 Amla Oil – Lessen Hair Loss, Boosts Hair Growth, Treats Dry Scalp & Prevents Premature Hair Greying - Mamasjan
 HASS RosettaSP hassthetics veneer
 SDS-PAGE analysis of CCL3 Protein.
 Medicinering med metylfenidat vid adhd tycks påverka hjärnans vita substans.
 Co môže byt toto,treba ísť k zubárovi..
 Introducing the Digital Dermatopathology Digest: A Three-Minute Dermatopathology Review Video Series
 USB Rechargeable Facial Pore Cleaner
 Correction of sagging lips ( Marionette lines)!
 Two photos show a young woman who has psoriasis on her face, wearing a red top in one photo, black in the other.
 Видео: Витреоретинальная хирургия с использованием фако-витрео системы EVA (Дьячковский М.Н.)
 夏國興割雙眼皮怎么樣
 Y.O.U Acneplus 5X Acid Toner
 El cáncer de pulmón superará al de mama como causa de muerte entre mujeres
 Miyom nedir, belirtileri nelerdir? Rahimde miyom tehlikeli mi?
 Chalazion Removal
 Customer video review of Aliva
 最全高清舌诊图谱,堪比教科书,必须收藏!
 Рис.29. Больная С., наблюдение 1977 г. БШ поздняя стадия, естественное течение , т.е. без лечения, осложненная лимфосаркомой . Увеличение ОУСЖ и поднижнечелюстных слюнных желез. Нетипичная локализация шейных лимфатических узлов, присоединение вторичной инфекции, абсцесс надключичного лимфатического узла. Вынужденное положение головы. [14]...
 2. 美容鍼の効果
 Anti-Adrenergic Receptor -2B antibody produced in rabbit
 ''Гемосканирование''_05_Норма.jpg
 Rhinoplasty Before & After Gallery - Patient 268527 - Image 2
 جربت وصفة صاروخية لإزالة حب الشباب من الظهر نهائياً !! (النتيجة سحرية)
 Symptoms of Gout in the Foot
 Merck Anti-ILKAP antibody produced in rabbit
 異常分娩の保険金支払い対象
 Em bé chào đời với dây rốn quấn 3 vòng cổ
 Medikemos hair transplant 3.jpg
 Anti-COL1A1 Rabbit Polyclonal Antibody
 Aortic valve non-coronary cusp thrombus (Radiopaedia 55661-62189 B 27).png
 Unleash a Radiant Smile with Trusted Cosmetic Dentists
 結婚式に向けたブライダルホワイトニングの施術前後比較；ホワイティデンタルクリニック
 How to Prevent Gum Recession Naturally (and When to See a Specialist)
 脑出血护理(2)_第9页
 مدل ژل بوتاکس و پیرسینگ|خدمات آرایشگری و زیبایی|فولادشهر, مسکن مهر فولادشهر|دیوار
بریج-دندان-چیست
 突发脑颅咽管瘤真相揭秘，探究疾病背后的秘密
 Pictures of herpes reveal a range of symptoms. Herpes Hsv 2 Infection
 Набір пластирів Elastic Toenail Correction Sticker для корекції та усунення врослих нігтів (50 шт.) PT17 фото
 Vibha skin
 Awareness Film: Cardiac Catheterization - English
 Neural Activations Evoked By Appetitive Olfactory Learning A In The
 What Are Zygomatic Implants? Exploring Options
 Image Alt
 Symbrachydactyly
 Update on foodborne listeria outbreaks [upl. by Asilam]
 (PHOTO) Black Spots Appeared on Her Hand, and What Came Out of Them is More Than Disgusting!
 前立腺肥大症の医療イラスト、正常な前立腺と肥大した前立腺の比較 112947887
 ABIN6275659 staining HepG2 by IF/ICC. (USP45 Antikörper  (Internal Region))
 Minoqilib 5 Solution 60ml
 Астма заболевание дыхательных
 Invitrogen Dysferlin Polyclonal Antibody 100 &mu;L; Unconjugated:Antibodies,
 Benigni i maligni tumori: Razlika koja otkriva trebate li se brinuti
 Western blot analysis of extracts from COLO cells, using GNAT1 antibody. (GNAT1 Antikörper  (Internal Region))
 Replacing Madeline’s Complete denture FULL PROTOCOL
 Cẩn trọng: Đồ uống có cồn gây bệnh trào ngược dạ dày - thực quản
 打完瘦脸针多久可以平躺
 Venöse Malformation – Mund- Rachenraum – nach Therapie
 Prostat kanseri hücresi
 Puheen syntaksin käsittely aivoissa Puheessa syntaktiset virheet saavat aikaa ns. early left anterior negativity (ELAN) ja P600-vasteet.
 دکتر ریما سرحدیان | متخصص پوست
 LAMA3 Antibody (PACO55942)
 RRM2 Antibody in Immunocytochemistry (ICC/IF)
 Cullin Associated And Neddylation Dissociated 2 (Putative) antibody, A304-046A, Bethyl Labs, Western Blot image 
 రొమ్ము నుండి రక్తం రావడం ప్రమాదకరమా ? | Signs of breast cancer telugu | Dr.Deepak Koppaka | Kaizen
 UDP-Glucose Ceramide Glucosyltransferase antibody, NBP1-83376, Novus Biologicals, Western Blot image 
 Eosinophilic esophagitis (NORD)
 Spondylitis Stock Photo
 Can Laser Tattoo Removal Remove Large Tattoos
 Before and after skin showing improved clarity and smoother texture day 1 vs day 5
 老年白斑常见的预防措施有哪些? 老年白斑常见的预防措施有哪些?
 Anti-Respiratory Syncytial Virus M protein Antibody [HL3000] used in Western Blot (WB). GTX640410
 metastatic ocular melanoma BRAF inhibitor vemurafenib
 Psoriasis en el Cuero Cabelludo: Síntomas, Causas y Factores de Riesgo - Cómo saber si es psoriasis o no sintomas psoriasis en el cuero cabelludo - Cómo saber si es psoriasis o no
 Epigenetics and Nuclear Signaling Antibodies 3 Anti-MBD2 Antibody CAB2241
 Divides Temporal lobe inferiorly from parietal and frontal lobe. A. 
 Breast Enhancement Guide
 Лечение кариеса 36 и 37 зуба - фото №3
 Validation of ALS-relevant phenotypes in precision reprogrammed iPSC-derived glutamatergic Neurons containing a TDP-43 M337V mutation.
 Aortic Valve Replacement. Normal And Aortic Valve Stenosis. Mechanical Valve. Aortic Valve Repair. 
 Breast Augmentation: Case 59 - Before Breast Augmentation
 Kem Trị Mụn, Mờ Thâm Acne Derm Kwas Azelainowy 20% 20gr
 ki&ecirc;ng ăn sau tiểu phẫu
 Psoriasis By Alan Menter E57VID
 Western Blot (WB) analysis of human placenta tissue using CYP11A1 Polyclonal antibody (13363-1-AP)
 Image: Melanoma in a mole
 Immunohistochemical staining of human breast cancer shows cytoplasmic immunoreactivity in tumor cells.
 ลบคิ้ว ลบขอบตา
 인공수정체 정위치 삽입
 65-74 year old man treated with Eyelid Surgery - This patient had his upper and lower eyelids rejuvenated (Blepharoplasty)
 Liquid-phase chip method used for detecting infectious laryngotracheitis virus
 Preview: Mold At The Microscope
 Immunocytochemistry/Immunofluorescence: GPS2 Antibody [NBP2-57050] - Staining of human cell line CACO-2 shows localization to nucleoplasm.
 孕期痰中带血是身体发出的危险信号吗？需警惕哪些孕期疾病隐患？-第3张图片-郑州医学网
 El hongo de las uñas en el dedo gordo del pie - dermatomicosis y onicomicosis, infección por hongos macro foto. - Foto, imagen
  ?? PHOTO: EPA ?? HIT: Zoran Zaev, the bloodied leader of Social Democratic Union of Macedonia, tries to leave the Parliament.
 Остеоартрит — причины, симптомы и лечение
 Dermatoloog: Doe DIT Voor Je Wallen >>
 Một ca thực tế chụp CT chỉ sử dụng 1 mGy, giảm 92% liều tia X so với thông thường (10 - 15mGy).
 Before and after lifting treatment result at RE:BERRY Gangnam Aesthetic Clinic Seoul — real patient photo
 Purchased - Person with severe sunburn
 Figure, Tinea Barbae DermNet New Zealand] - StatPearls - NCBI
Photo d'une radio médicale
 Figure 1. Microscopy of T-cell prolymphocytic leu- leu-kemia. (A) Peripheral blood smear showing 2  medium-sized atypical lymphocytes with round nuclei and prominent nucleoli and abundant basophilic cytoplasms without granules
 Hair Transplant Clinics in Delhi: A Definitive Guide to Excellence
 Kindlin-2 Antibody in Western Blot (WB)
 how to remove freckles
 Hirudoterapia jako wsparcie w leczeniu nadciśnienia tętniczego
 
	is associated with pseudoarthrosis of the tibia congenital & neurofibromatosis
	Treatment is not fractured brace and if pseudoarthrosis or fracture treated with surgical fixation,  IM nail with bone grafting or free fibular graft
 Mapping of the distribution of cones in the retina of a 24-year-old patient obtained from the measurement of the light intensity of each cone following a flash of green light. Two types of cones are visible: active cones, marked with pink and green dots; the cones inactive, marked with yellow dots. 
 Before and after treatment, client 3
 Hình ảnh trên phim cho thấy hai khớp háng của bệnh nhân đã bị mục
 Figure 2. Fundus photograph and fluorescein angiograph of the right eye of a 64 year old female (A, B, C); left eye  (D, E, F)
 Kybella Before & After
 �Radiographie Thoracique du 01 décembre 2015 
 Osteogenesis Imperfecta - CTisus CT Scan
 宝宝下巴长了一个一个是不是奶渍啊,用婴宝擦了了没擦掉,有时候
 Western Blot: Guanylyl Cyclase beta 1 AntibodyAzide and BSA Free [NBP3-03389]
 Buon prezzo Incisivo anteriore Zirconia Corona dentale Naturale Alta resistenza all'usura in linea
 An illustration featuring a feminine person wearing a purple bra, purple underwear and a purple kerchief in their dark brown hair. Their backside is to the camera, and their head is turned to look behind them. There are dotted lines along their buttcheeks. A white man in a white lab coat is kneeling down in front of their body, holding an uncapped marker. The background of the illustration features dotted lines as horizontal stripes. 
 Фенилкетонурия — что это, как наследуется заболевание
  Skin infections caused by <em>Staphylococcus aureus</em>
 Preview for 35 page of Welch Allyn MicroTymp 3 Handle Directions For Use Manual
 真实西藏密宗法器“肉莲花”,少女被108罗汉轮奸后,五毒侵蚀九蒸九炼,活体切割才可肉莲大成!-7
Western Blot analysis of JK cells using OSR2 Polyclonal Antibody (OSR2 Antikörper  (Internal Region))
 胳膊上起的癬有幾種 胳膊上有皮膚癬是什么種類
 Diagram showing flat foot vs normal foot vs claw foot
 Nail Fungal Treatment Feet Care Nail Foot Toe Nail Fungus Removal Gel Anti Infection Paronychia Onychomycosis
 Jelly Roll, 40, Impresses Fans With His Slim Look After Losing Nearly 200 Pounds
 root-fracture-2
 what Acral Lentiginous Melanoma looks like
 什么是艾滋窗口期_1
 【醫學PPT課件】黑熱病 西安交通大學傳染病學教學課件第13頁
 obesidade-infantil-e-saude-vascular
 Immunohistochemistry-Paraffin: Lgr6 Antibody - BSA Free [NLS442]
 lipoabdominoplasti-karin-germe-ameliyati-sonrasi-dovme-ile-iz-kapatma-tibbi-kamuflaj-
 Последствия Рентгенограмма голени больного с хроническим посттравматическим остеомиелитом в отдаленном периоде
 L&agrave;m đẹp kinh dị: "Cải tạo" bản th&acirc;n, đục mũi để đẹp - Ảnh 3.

----------

> **Work order**: Your task is to collect every line above that contains the word "Western".

> **Answer**:
 Western blot analysis of extracts from COLO cells, using GNAT1 antibody. (GNAT1 Antikörper  (Internal Region))
 Cullin Associated And Neddylation Dissociated 2 (Putative) antibody, A304-046A, Bethyl Labs, Western Blot image 
 UDP-Glucose Ceramide Glucosyltransferase antibody, NBP1-83376, Novus Biologicals, Western Blot image 
 Anti-Respiratory Syncytial Virus M protein Antibody [HL3000] used in Western Blot (WB). GTX640410
 Western Blot (WB) analysis of human placenta tissue using CYP11A1 Polyclonal antibody (13363-1-AP)
 Kindlin-2 Antibody in Western Blot (WB)
 Western Blot: Guanylyl Cyclase beta 1 AntibodyAzide and BSA Free [NBP3-03389]
Western Blot analysis of JK cells using OSR2 Polyclonal Antibody (OSR2 Antikörper  (Internal Region))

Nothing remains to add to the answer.